[Supplied records Boundary: Start]

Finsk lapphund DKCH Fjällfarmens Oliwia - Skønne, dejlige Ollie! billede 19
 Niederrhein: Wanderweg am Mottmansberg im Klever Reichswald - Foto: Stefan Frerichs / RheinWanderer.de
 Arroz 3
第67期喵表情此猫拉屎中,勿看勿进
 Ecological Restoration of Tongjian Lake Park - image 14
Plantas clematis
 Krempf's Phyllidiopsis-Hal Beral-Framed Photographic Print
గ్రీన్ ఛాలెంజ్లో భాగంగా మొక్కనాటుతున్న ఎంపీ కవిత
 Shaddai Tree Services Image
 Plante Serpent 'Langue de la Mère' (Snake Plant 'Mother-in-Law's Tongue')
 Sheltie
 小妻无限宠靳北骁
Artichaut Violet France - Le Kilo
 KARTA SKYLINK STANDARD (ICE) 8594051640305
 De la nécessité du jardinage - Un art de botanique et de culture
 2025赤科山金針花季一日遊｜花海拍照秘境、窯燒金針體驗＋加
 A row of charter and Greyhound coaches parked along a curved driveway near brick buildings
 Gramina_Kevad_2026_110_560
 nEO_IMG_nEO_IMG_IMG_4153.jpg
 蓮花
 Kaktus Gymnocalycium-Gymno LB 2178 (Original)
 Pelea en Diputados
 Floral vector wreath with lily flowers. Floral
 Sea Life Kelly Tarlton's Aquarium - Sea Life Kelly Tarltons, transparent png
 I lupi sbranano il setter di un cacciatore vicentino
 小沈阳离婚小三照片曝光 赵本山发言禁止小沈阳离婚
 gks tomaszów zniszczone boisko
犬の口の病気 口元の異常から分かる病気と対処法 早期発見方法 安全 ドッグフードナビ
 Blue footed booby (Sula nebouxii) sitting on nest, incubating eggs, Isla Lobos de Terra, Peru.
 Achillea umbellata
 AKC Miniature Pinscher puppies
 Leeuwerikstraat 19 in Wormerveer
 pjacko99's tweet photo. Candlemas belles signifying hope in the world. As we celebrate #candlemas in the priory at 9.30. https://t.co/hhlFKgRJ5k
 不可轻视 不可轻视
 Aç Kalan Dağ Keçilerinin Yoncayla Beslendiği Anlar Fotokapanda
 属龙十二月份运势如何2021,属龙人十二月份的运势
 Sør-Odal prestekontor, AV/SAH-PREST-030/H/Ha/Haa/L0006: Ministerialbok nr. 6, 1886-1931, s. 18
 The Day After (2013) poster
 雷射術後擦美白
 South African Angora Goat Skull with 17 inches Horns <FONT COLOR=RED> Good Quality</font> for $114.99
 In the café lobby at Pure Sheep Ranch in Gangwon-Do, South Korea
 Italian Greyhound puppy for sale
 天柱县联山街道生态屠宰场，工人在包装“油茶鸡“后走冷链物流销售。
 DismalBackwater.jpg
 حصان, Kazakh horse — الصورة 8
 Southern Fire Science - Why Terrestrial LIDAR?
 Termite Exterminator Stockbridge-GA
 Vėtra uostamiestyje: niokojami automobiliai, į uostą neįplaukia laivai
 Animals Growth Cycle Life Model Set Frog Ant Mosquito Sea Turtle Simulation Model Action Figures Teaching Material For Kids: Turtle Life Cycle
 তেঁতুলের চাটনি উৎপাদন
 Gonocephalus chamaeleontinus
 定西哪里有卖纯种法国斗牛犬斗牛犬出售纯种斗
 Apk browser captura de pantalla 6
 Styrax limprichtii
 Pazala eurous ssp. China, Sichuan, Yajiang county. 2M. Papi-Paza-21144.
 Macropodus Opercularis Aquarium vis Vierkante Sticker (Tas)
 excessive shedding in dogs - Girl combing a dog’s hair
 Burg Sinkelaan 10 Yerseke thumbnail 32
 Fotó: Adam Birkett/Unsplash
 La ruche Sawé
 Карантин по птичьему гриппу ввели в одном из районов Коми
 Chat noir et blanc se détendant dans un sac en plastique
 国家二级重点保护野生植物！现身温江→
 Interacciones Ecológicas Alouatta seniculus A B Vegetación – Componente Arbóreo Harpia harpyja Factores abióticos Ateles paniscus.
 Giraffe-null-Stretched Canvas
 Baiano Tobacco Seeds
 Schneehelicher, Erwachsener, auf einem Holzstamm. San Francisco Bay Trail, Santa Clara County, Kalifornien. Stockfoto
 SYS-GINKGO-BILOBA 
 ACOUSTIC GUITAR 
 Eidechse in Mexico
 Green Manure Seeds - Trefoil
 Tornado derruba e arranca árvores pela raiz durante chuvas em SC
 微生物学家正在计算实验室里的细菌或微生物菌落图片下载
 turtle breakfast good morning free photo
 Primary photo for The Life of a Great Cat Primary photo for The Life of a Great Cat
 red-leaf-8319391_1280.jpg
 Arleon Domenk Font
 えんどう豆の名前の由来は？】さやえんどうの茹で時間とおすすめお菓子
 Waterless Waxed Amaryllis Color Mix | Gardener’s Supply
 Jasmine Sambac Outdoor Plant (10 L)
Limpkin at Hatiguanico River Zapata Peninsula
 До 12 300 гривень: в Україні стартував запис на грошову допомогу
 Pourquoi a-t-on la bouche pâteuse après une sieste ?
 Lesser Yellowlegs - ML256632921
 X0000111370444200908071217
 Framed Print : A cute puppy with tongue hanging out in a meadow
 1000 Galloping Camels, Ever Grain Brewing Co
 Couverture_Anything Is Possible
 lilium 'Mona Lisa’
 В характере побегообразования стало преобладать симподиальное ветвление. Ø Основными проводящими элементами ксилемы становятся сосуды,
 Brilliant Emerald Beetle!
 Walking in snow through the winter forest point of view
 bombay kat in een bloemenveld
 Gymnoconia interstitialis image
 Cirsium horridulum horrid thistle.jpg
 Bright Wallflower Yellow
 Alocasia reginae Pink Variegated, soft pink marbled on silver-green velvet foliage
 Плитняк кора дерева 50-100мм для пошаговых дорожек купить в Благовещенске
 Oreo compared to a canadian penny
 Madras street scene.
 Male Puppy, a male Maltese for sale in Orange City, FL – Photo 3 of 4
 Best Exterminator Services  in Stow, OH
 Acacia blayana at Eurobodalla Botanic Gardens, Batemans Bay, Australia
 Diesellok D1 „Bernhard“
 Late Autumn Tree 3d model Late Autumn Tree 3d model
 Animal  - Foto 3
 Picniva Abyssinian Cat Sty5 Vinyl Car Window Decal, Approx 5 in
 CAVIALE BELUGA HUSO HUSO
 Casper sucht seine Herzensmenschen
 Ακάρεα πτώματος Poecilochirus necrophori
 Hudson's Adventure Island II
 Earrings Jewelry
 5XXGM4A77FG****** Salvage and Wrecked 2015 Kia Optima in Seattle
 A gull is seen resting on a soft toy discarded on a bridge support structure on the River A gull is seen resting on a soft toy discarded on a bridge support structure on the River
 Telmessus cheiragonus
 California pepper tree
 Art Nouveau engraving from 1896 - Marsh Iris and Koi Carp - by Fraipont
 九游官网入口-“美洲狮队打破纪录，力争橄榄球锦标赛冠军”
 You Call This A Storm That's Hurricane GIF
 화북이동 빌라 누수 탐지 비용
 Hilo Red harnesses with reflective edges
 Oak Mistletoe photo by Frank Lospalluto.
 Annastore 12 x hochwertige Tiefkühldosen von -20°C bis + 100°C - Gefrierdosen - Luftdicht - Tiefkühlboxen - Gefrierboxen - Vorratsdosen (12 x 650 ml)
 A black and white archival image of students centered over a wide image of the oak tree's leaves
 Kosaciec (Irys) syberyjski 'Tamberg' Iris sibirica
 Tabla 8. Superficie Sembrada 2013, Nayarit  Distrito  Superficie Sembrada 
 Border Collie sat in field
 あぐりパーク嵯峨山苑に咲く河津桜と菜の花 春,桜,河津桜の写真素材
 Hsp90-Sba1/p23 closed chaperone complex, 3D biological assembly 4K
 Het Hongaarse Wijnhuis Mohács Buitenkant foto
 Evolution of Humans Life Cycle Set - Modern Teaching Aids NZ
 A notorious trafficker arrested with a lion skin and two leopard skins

[Supplied records Boundary: End]

Required action:
Tell me how many lines of the data hold the word "Life", giving only the number.

Task response:
4